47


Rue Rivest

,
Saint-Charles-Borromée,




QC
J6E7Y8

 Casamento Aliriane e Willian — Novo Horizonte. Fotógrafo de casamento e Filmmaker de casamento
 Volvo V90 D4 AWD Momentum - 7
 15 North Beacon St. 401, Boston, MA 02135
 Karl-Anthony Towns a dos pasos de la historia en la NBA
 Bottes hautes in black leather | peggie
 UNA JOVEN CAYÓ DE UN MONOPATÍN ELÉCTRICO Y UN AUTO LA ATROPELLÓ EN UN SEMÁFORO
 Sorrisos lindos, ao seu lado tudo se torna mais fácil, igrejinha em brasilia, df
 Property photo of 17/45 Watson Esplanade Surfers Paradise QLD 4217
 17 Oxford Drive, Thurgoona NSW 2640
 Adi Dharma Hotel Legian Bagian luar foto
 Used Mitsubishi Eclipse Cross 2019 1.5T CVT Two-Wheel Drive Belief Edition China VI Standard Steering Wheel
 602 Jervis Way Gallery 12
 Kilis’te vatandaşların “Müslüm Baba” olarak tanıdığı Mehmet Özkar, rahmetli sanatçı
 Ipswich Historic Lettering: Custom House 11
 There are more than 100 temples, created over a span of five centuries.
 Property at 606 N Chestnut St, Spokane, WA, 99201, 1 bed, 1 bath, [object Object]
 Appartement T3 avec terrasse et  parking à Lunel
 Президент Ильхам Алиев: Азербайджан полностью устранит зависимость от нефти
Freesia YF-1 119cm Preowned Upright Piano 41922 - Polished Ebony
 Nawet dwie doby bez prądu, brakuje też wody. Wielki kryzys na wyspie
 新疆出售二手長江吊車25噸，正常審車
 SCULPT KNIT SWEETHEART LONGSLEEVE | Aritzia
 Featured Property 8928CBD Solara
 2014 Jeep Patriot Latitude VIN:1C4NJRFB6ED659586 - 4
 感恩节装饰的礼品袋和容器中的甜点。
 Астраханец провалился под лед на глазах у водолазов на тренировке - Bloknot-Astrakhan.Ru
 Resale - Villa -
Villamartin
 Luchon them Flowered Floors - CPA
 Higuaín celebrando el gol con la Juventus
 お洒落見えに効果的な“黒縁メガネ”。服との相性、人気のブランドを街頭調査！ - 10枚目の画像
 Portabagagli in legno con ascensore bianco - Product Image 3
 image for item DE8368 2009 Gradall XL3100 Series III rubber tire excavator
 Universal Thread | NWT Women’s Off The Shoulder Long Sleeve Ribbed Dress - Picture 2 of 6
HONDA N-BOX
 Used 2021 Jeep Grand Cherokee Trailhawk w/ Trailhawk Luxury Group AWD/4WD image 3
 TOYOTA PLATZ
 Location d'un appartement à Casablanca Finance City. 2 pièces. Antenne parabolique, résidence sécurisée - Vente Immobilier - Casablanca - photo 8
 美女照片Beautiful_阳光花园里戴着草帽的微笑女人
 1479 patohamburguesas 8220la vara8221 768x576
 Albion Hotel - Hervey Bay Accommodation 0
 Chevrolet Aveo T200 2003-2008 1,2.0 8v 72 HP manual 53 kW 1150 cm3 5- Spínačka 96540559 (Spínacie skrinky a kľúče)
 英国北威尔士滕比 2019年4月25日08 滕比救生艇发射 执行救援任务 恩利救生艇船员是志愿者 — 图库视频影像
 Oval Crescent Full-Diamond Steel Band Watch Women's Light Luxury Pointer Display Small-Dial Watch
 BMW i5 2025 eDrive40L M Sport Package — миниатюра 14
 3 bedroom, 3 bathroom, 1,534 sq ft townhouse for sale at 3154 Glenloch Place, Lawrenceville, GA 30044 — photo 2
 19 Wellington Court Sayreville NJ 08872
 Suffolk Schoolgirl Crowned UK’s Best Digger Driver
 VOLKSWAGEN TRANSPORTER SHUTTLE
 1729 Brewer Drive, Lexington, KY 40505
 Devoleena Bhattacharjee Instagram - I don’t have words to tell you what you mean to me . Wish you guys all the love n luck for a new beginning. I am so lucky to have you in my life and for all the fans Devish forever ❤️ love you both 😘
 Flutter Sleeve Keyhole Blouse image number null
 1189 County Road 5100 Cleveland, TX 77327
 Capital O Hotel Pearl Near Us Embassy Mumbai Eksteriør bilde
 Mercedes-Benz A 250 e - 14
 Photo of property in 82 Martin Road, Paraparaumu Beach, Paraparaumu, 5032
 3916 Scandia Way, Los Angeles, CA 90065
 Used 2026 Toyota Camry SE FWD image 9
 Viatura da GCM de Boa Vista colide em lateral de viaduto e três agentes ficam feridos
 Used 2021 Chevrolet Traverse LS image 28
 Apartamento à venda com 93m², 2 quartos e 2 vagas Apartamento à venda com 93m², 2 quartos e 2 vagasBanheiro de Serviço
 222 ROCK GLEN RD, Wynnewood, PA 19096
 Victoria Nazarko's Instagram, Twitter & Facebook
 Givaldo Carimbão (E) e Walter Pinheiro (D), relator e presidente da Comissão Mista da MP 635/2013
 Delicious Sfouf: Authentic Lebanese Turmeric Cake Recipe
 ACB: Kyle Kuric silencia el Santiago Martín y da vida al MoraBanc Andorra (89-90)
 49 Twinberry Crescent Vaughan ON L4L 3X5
########
* EXERCISE PROMPT *
Reproduce, word for word and in full, only the lines above that start at the line with "Portabagagli in legno" and run through the line with "1729 Brewer Drive, Lexington, KY 40505", both ends included.

* PROBLEM SOLUTION *
 Portabagagli in legno con ascensore bianco - Product Image 3
 image for item DE8368 2009 Gradall XL3100 Series III rubber tire excavator
 Universal Thread | NWT Women’s Off The Shoulder Long Sleeve Ribbed Dress - Picture 2 of 6
HONDA N-BOX
 Used 2021 Jeep Grand Cherokee Trailhawk w/ Trailhawk Luxury Group AWD/4WD image 3
 TOYOTA PLATZ
 Location d'un appartement à Casablanca Finance City. 2 pièces. Antenne parabolique, résidence sécurisée - Vente Immobilier - Casablanca - photo 8
 美女照片Beautiful_阳光花园里戴着草帽的微笑女人
 1479 patohamburguesas 8220la vara8221 768x576
 Albion Hotel - Hervey Bay Accommodation 0
 Chevrolet Aveo T200 2003-2008 1,2.0 8v 72 HP manual 53 kW 1150 cm3 5- Spínačka 96540559 (Spínacie skrinky a kľúče)
 英国北威尔士滕比 2019年4月25日08 滕比救生艇发射 执行救援任务 恩利救生艇船员是志愿者 — 图库视频影像
 Oval Crescent Full-Diamond Steel Band Watch Women's Light Luxury Pointer Display Small-Dial Watch
 BMW i5 2025 eDrive40L M Sport Package — миниатюра 14
 3 bedroom, 3 bathroom, 1,534 sq ft townhouse for sale at 3154 Glenloch Place, Lawrenceville, GA 30044 — photo 2
 19 Wellington Court Sayreville NJ 08872
 Suffolk Schoolgirl Crowned UK’s Best Digger Driver
 VOLKSWAGEN TRANSPORTER SHUTTLE
 1729 Brewer Drive, Lexington, KY 40505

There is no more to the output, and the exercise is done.